Вообще, с временными метами непросто («Национальность — странная забота...»); я в 60-е вся вышла из Блока, сейчас практически не читаю его, но уж точно не стыжусь, Гумилев по сравнению с Блоком мне кажется вовсе игрушечным, но если это для кого-нибудь живое и нужное — Бога ради... Да и я не живу в 60-х, читаю и люблю сегодняшних — совсем других поэтов.
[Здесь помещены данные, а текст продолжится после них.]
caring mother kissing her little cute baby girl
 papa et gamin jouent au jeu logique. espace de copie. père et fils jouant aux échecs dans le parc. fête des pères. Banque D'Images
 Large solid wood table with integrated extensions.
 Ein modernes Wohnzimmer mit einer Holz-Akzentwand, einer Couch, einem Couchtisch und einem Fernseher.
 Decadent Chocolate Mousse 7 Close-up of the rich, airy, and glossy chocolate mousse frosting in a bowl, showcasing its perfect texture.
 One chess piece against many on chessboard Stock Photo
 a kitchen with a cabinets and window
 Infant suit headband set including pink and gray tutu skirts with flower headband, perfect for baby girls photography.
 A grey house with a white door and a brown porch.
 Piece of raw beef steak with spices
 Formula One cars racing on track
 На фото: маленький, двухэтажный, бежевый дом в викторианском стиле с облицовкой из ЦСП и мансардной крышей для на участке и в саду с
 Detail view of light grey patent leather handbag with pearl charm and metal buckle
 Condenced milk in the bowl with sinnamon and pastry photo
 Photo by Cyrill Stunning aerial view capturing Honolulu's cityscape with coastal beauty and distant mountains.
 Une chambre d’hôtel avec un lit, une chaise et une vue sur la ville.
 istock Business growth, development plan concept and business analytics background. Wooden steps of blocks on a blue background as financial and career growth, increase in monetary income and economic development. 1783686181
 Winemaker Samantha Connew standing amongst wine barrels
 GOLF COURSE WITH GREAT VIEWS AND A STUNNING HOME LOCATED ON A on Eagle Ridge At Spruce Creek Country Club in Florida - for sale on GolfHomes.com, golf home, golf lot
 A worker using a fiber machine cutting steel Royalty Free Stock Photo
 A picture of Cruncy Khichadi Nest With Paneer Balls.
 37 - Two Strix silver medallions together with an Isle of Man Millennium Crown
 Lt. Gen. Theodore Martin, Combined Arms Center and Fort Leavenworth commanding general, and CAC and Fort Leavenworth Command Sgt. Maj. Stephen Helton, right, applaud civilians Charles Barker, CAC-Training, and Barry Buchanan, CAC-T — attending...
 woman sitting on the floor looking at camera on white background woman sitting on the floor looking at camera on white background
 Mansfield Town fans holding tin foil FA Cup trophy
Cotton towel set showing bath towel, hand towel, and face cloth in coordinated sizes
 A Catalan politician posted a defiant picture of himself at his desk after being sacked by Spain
Он не хотел быть знаменем и пророком в своем Отечестве — и, соответственно, жупелом. Это навязанная роль. Как дурацкие экскурсии в переделкинском музее. В польских магазинах полно дисков с песнями О., Манана Менабде вот недавно записала альбом, — а тут в мягком варианте — пожимающая плечами ЛШ: пусто место сие, а то и пуще — разговор о чекистах, мужающих под эту романтику. По-моему, человеку (пусть умному и талантливому), которому «на той единственной, гражданской» кажется (как и гайдаровские повести) пригодной для взращивания гитлерюгенда, не объяснишь ничего. Это отсутствие какого-то другого слуха, при всех благородных исходных интенциях.